Case File 4: Hiring Recommendation A corporation trains an AI to screen resumes and rank candidates for software engineering positions. Training data: 50,000 historical resumes with a label indicating whether the candidate was invited to interview ('yes'/'no'). The resumes span 15 years of hiring decisions. Internally, the company acknowledges that before 2018, its engineering teams were over 90% men, and interviewers were also predominantly men. Feature set includes: university attended, degree, years of experience, programming languages listed, and prior company names. Case File 5: Medical Symptom Checker A tech startup builds an AI symptom checker for common illnesses. Training data: 200,000 patient records from three large hospital systems in the American Midwest. Features include age, symptoms reported by the patient (in English), vital signs, and diagnosis. The hospitals serve mostly English-speaking patients; 3% of records come from patients whose primary language is not English. There is no feature recording whether the diagnosis was confirmed by a specialist or was a general practitioner's initial assessment. Case File 6: Autonomous Vehicle Pedestrian Detection A self-driving car company trains its pedestrian detection system using video footage captured in San Francisco, Seattle, and Boston over 18 months. The footage covers 24-hour periods but 78% of it is daytime footage. 12% is night with streetlights. 10% is dawn, dusk, or adverse weather. The training dataset does not include footage from cities outside the US.

No Perfect Datasets Exist

Every case file above has real problems — but so does every real-world AI training dataset. The goal of data investigation is not to find the perfect dataset (it does not exist) but to understand the imperfections clearly enough to anticipate where the AI might fail and for whom.

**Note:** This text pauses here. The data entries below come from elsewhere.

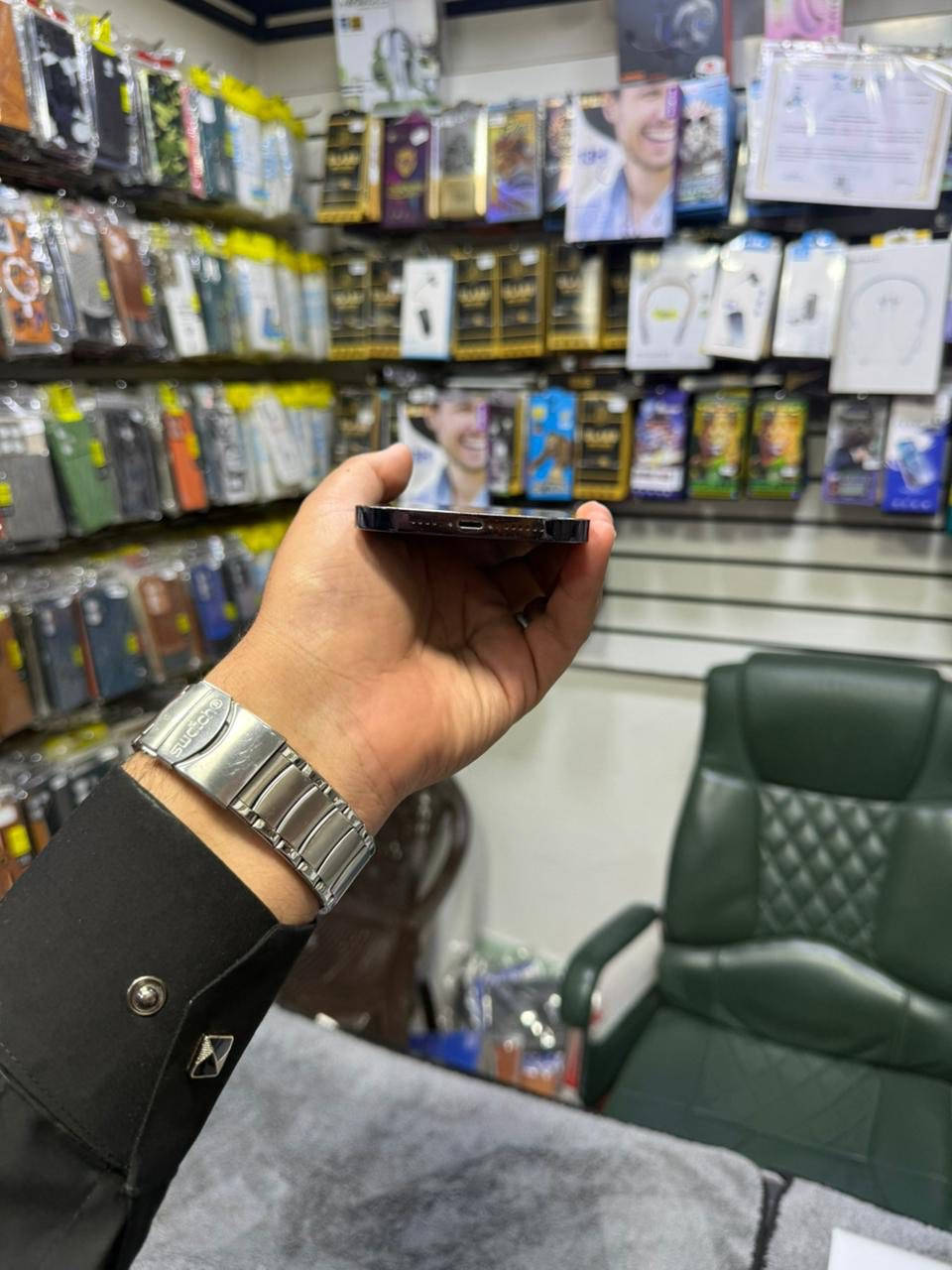 14 برو ماكس
ذاكره 256 
نموذج M تك سيم 
بطاريه 97 
شرط ما مفتوح 
سعر الجهاز 810 
شراي خاص او اتصل 
*********** 
***********
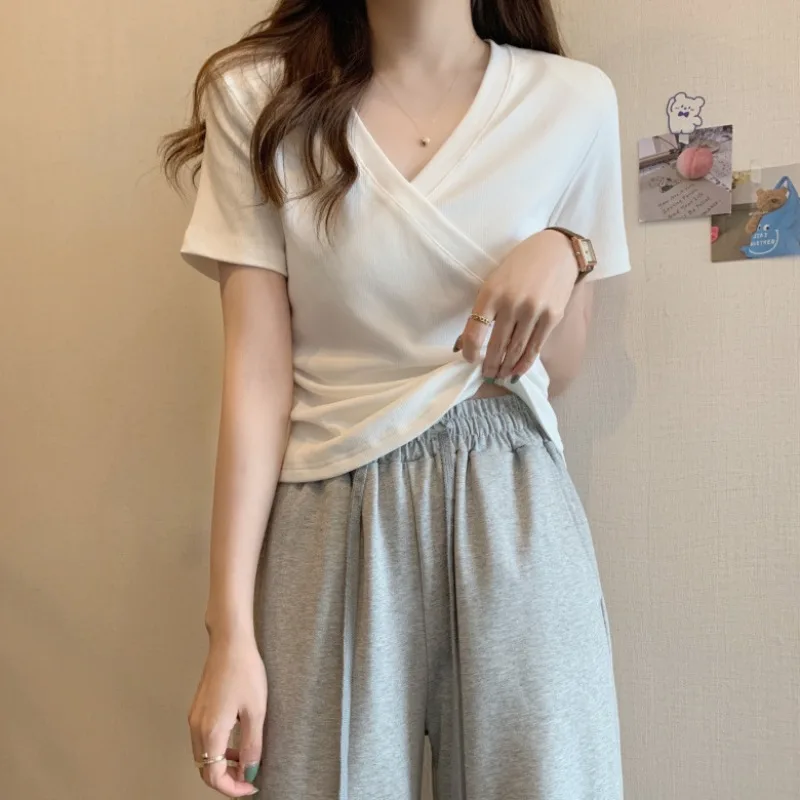 Women Cross V-Neck Short Sleeve T-Shirt New Summer Style Designed Slim Fit Flattering Short Cut Trendy Slim Student Tops T-Shirt
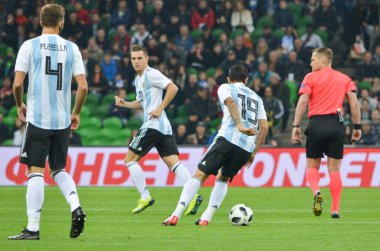 Krasnodar, Rusya - 14 Kasım 2017: Hiç Banega (C) sırasında bir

Match each case file to the most significant data problem it illustrates.

Terms

Case File 1 (School Behavior)
Case File 2 (Wildlife Survey)
Case File 3 (Customer Churn)
Case File 4 (Hiring)
Case File 6 (Pedestrian Detection)

Definitions

Underrepresentation of difficult conditions — night, adverse weather, non-US cities
Historical bias baked into labels from past discriminatory decisions
Heavy class imbalance — one outcome dominates the dataset
Severe geographic imbalance from citizen science participation patterns
Missing data from an underserved community due to a late system rollout

Drag terms onto their definitions, or click a term then click a definition to match.

In Case File 3, 96% of examples are labeled 'stayed.' Why is this a data quality problem for an AI trained on it?

In Case File 4, why is historical bias especially hard to correct?

Full Investigation: Case File 5

  1. Case File 5 is your deep-dive case. Using the detective checklist from the start of this lesson, write a complete investigation report.
  2. 1. Source: Who generated this data and in what context?
  3. 2. Coverage: Who is represented? Who is missing? What does 3% non-English speakers mean for an AI meant to serve a broader population?
  4. 3. Quality: Which of the four quality dimensions (accuracy, completeness, relevance, consistency) are at risk? Give a specific example for each one you identify.
  5. 4. Labels: The diagnosis feature — is it consistently generated? What does the mix of specialist and general practitioner diagnoses mean?
  6. 5. Bias: What groups are most likely to be underserved by an AI trained on this data?
  7. 6. Consequences: Describe a specific, realistic scenario where this AI fails a patient because of the dataset's weaknesses.
  8. 7. Recommendation: Name one concrete change to data collection that would improve the dataset most.
  9. Write your investigation as if you are presenting findings to the company's engineering team. Be specific, be honest about uncertainty, and be constructive.